▶ **WHAT TO WORK ON**: In the entries below, find the line with "Sundown sky over sea and stony coast" and the line with "a wooden bench". Repeat exactly everything between them, those two lines included, but not the pictures.

▶ **AVAILABLE DATA**:
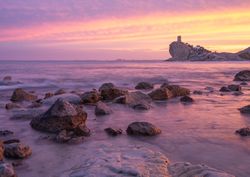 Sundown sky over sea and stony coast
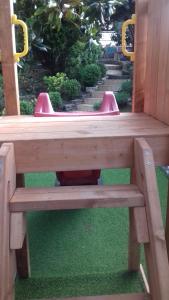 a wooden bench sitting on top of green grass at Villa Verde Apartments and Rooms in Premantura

---

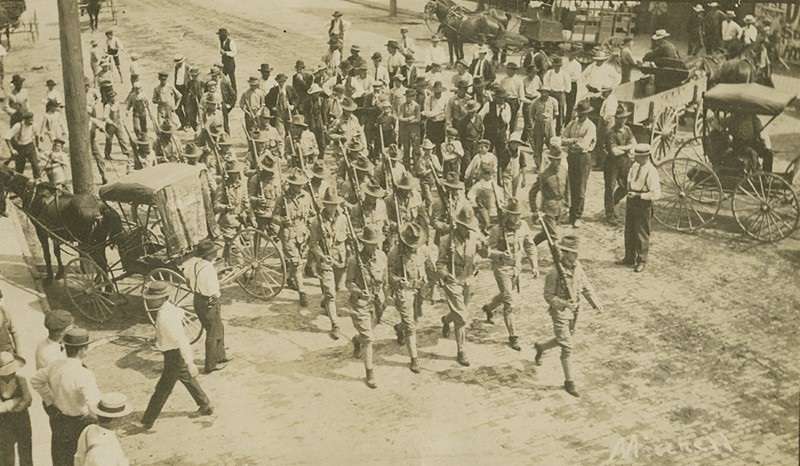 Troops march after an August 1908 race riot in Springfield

▶ **REPLY TO THE EXERCISE**:
 Sundown sky over sea and stony coast
 a wooden bench sitting on top of green grass at Villa Verde Apartments and Rooms in Premantura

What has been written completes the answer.